The analysis from Figure 7 shows that about 80% of the observed lithofacies in wells of KF2 oil field are packstone, with some traces of mud, clay and fine silt size carbonates. Therefore explains a gradual change in the original grainstones and packstone structure of the reservoir at the time of deposition as earlier explained by Majid and Veizer . Other wells observed however indicate moldic grainstones which is a sharp deviation from the original depositional facies of the reservoir and therefore verifies the dissolution of a pre-existing constituents of the KF2carbonates through the various drilling and production activities over the years.
Carbonate formation studied
The variability and heterogeneity features of carbonate reservoir from pore to reservoir scale create a significant problem covering data acquisition, petrophysical evaluation and consequently reservoir description . They further explained that the variation in properties of Carbonate facies and their pore character often control the distributions of net pay, porosity and hydrocarbon saturation.
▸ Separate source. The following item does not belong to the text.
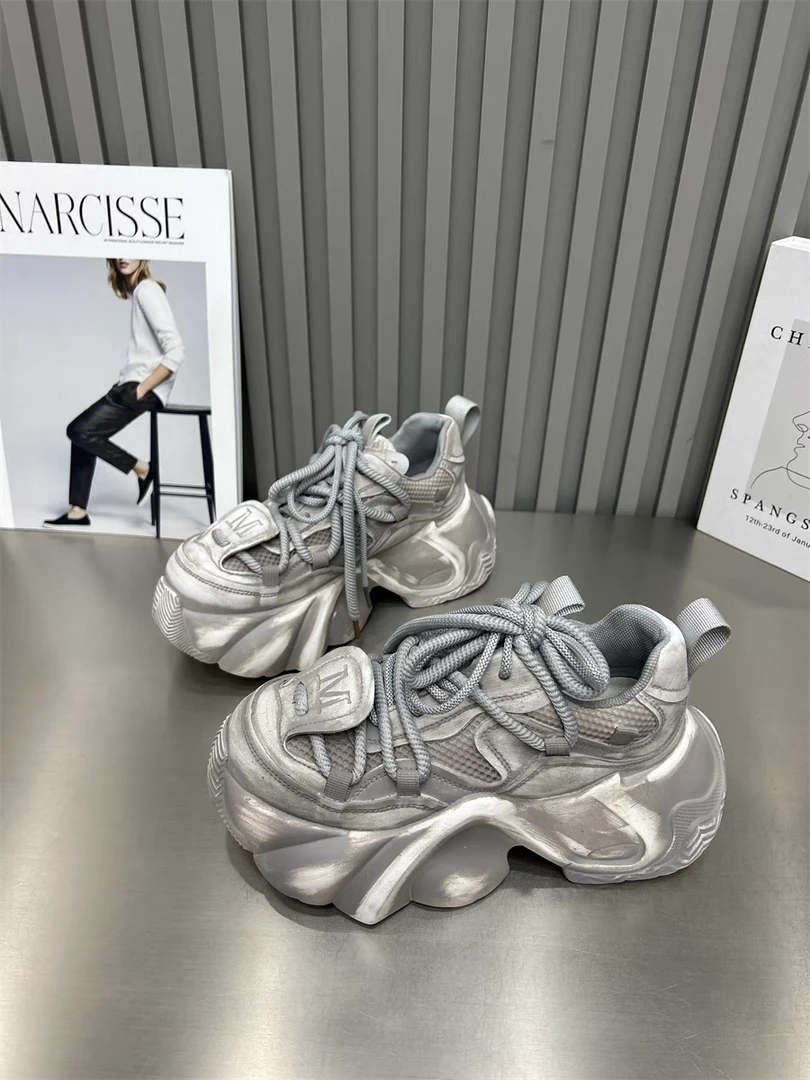 网面真皮夏季新款透气老爹鞋小个子增高显瘦薄款休闲鞋运动鞋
Generally, pore character rules carbonate reservoir quality, which is different in sandstone reservoir where variations in mineralogy, grainsize distribution and sorting, texture and degree of indurations governs the reservoir quality [10-12].
From the above stated, it is authoritative that diagenetic activities such as compaction, cementation, dolomitization, dissolution and leaching which have a significant effect on the pore structure are minimized by using efficient drilling and production techniques. However, it is important to note that diagenetic activities such as dissolution and leaching could either enhance or decrease the connectivity or permeability of the pores in a carbonate reservoir. Drilling activities such as the effect of drilling bits, reactions from the combination of drilling fluids with reservoir fluids and well completion activities could also destroy the natural micro-pores of a carbonate reservoir, dissolve the inherent fractures in the reservoir and hence reduce the connectivity of the pores or further destroy the inter-crystalline structure. All these will reduce the flow rate in the reservoir and consequently decrease the performance and production rate of the well. KF2oil field is presently suffering some form of petrophysical changes because of dissolution and leaching of the natural fractures that formed originally with the reservoir at deposition. This will consequently reduce the pore connectivity, flow rate of the hydrocarbon fluids and the production of the oil field.
Fractures and vugs usually contribute to the secondary porosity of carbonate reservoirs thus creating a dual or sometimes triple porosity model for carbonate rocks in addition to the primary porosity derived from the matrix structure of the rock. Carbonate reservoir generally are either fractures or non-fractured (tight) during sedimentation, further diagenetic activities after sedimentation results in the formation of some of these micro-pore features. The cementation exponent “m” of a carbonate reservoir as well as data obtained from wireline logs are usually been used with Archie’s equation to distinguish these features. This study has however further shown that these features changes from the natural fractures to complex vugs overtime as the reservoir ages and the production years increases. It is therefore necessary that production engineers adopt production and recovery techniques that will preserve the natural fractures that were formed during deposition and sedimentation period of the reservoir.